Game Over (2019, Netflix) is one of those rare horrors treats that’s as creative and interesting as it is fun to watch. Psychology blends with the supernatural and a dash of slasher-flick to create a full-bodied thriller with plenty of twists and turns to keep you guessing up to the very end. The film’s protagonist is also a three-time ‘Cluvie — Indian, female, and neuro-atypical. This is a thinking person's horror movie for the “woke” crowd with just enough blood to satisfy slasher fans.
Spoilers ahead.
For those with a weak stomach for gore, the first five minutes of this film are not going to make you happy. Through the eyes of a stalker, we see a young woman going about her evening, completely unaware she’s being taped on video and followed. Her stalker captures her, tortures her, and kills her, all while we are forced to watch through his video recording. There’s a certain Psycho quality to this sequence, especially when we see the victim (via video) through a shower curtain.

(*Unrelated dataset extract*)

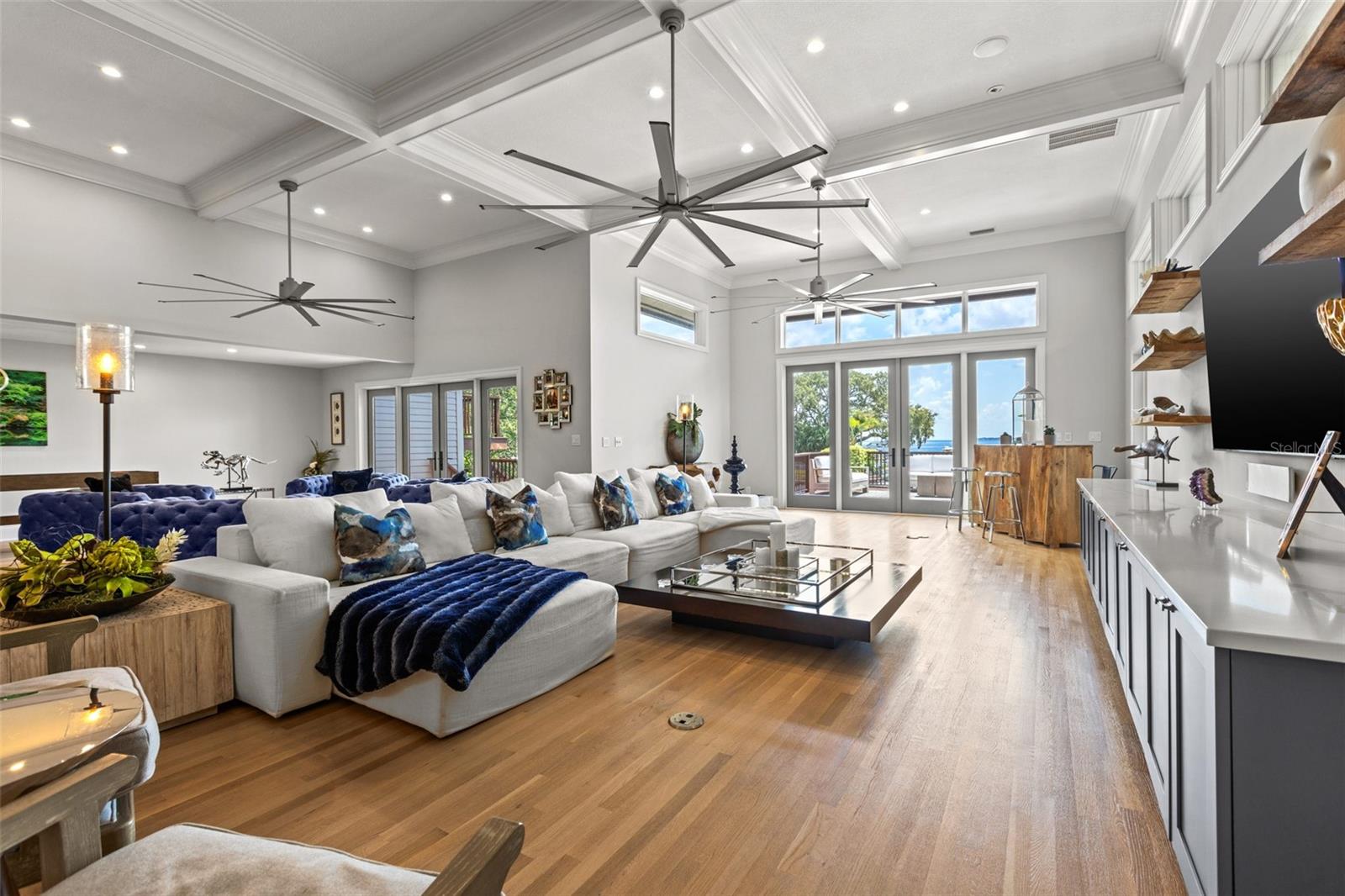 1365 BRIGHTWATERS Blvd ST PETERSBURG, FL 33704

Cut to a year later. Swapna (the incredibly talented Taapsee Pannu) is a video game designer who appears to be just living her life as normally as possible. Her live-in housekeeper Kalamma (Vinodhini Vaidynathan) reminds Swapna that it’s almost New Year’s. This triggers Swampna’s PTSD; later in the film, we’ll learn that at a party last New Year’s Eve, Swapna was bound, gagged, and sexually assaulted in a dark room. She now fears the dark and suffers from panic attacks. Adding insult to injury, her ordeal was caught on camera and uploaded for titillation. She’s recognized when she goes out for coffee, but her “fans” are turned on rather than ashamed.
Swapna also has a gamer tattoo on her forearm. Her tattoo was accidentally made with “memorial” ink; ink mixed with someone’s ashes. The mother of the first victim (whose name was Amrutha) was meant to be tattooed with her daughter’s ashes. The two women meet face to face and Amrutha’s mother finds closure.